= Beginning of Section =

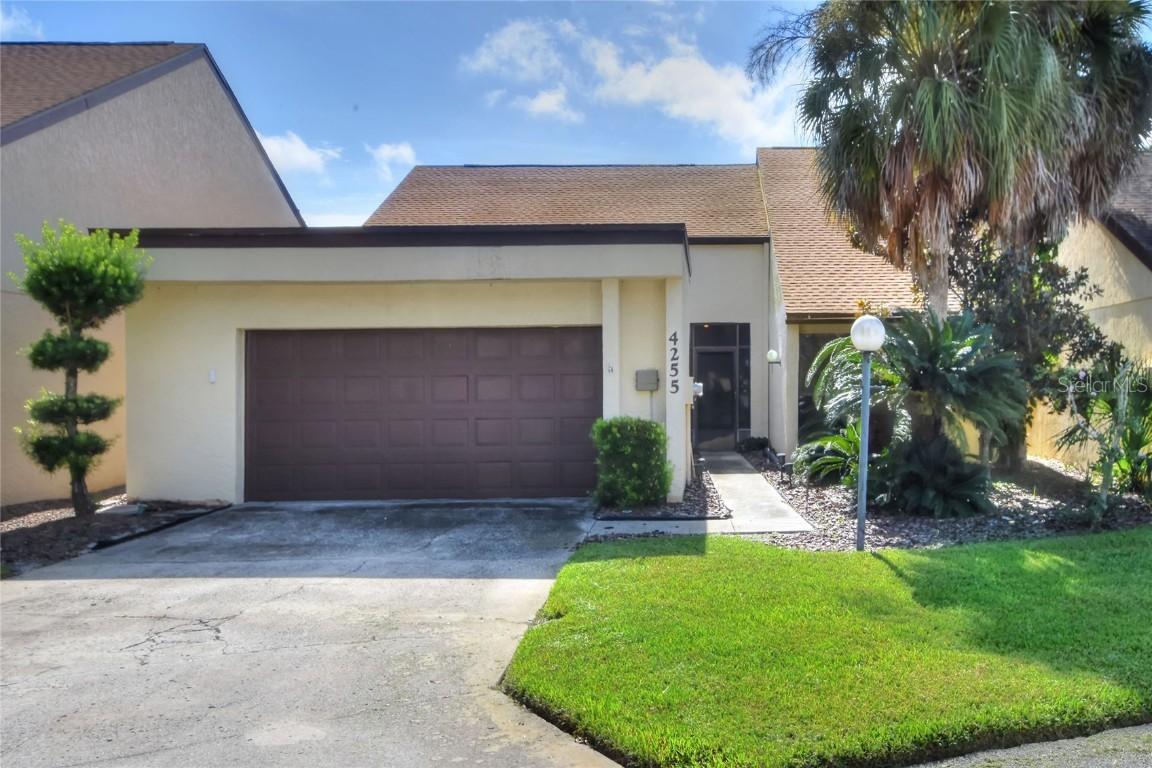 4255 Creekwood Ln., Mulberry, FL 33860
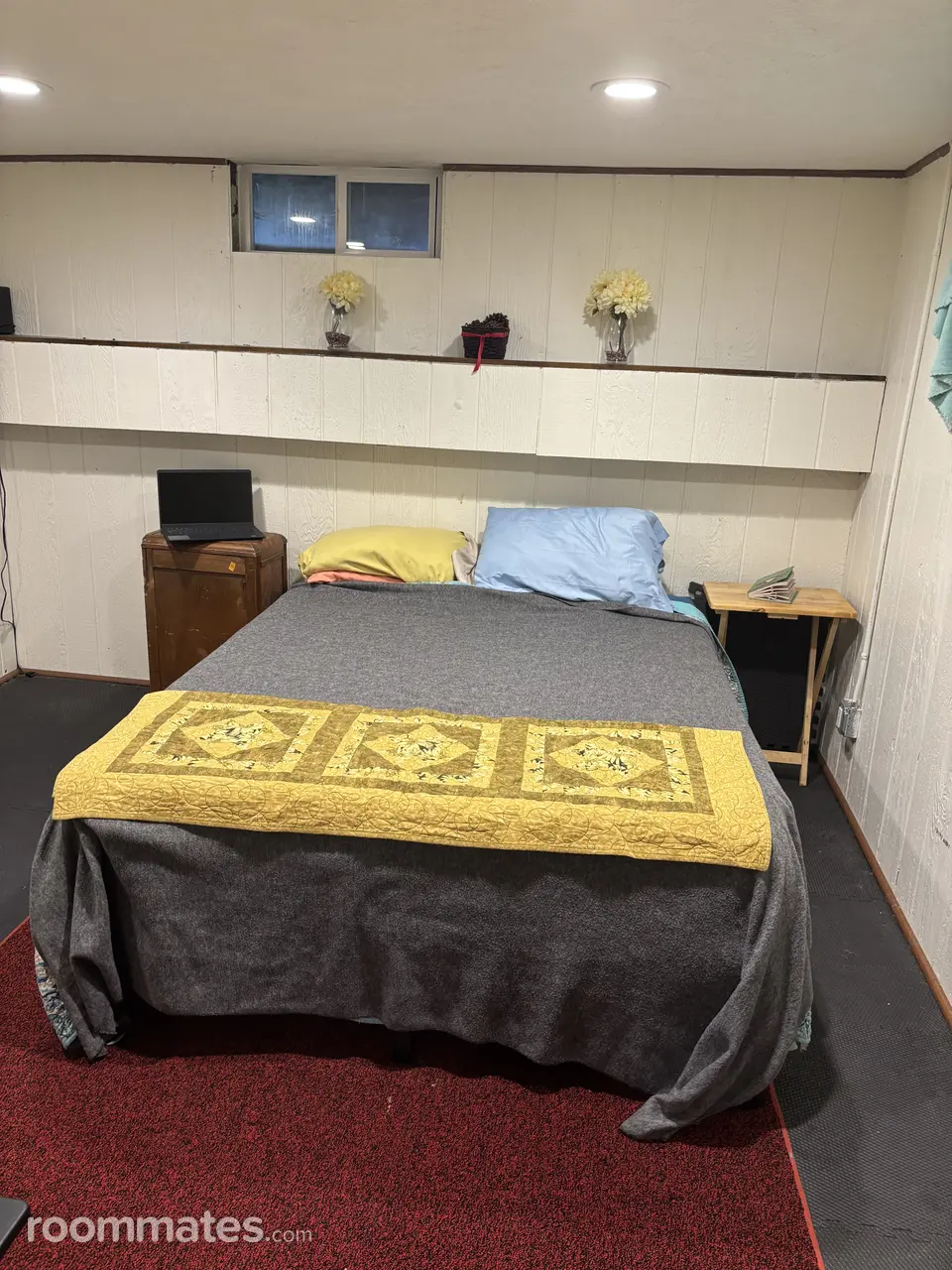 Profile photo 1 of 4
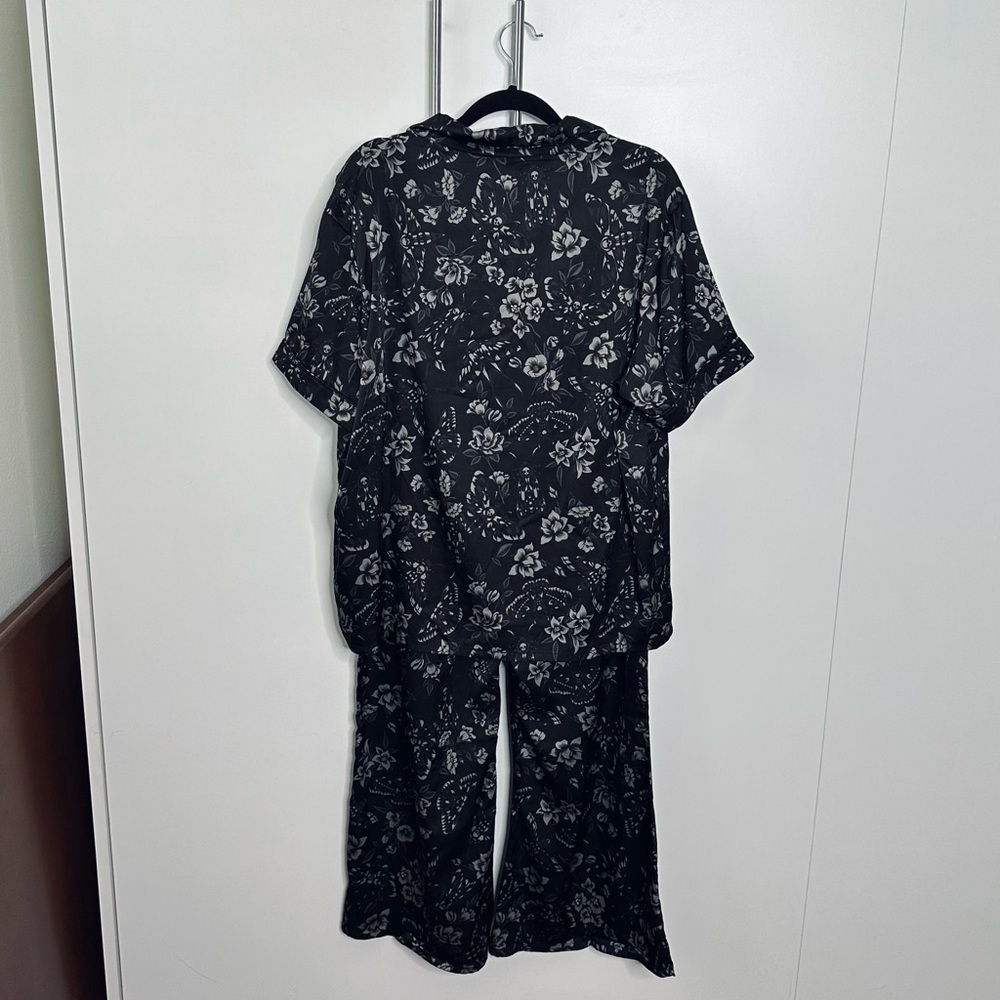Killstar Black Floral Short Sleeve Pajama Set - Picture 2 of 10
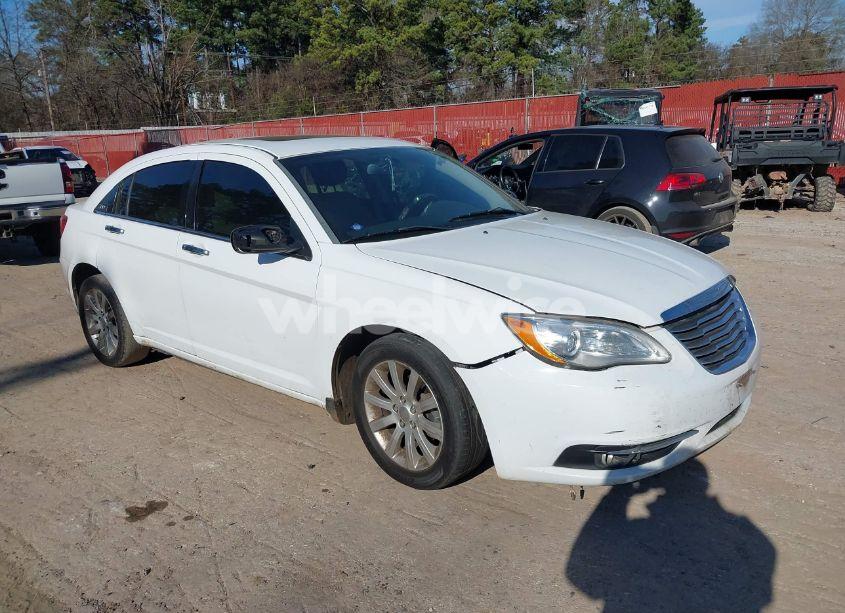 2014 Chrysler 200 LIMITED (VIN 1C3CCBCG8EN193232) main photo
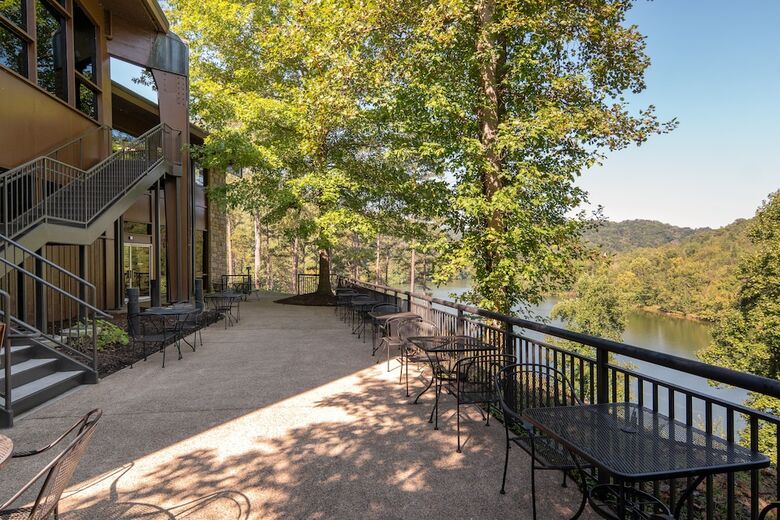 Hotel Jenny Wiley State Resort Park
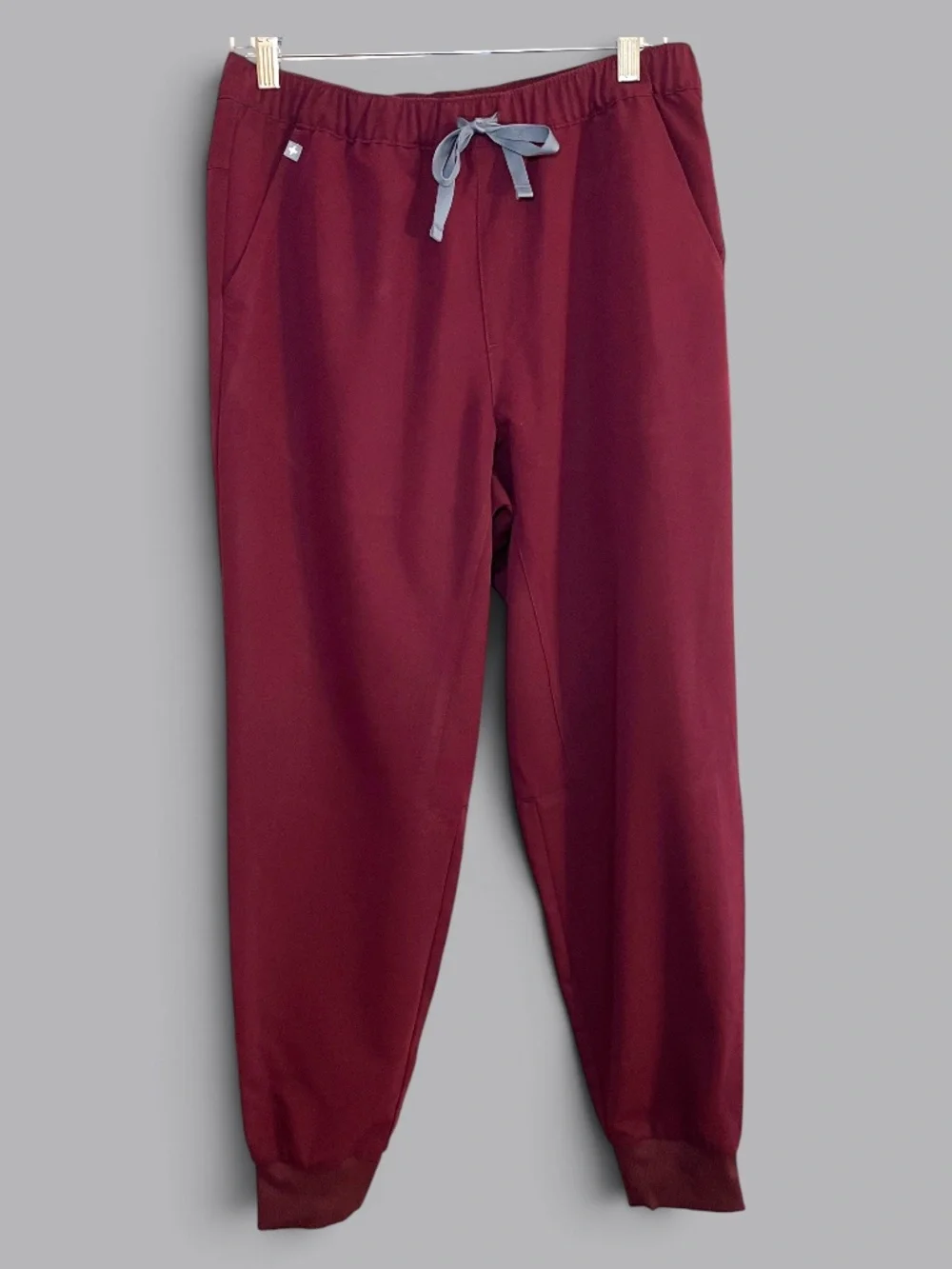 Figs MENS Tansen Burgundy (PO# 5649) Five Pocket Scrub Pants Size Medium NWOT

= End of Section =

What the task requires:
Word for word, copy out each record; do not include pictures.

Exercise answer:
 4255 Creekwood Ln., Mulberry, FL 33860
 Profile photo 1 of 4
Killstar Black Floral Short Sleeve Pajama Set - Picture 2 of 10
 2014 Chrysler 200 LIMITED (VIN 1C3CCBCG8EN193232) main photo
 Hotel Jenny Wiley State Resort Park
 Figs MENS Tansen Burgundy (PO# 5649) Five Pocket Scrub Pants Size Medium NWOT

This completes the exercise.